*Work instructions:* Every line of the data below is to be duplicated exactly, pictures excepted.

(Stored data)

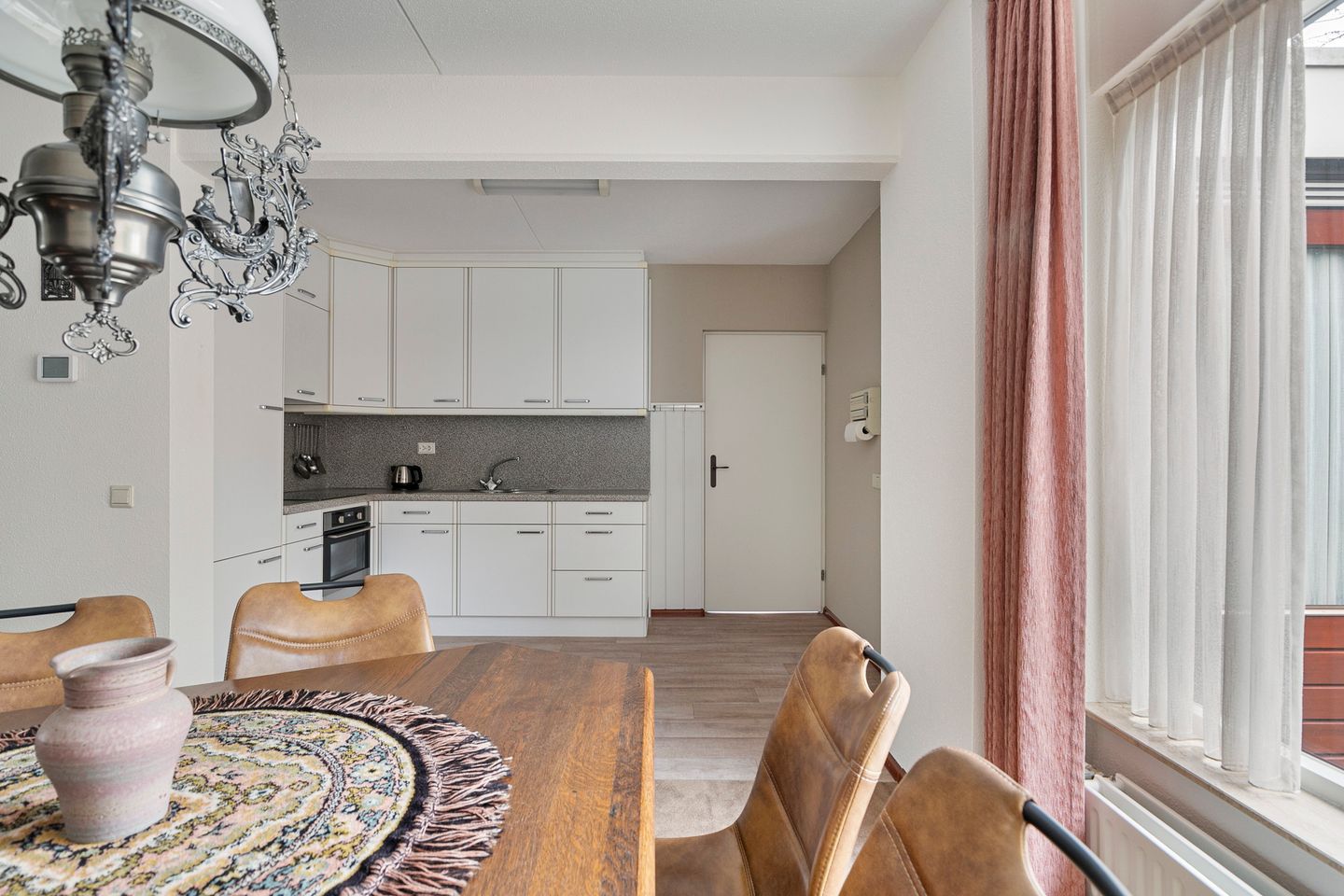 Foto 10 van Looierstraat 6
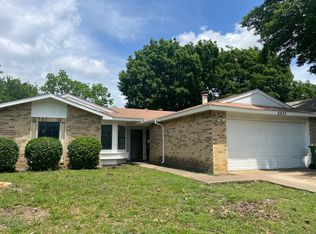 6603 Springfield Dr, Arlington, TX 76016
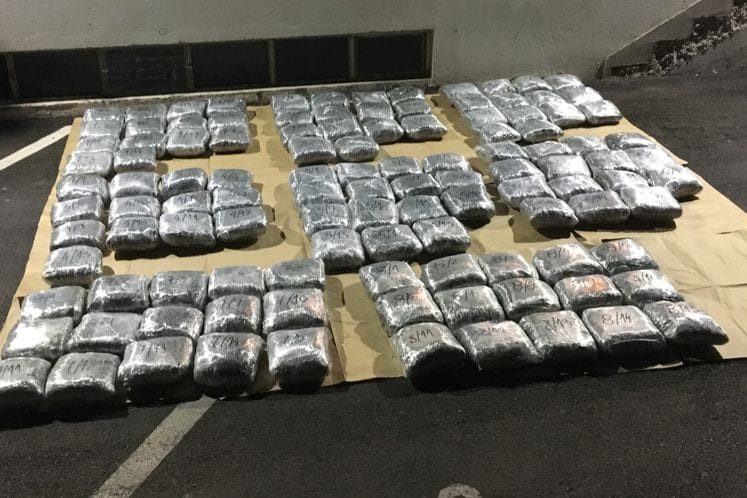 U Baru pronađeno 122 kilograma marihuane, uhapšene dvije osobe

(End Stored data)

*Exercise answer:*
 Foto 10 van Looierstraat 6
 6603 Springfield Dr, Arlington, TX 76016
 U Baru pronađeno 122 kilograma marihuane, uhapšene dvije osobe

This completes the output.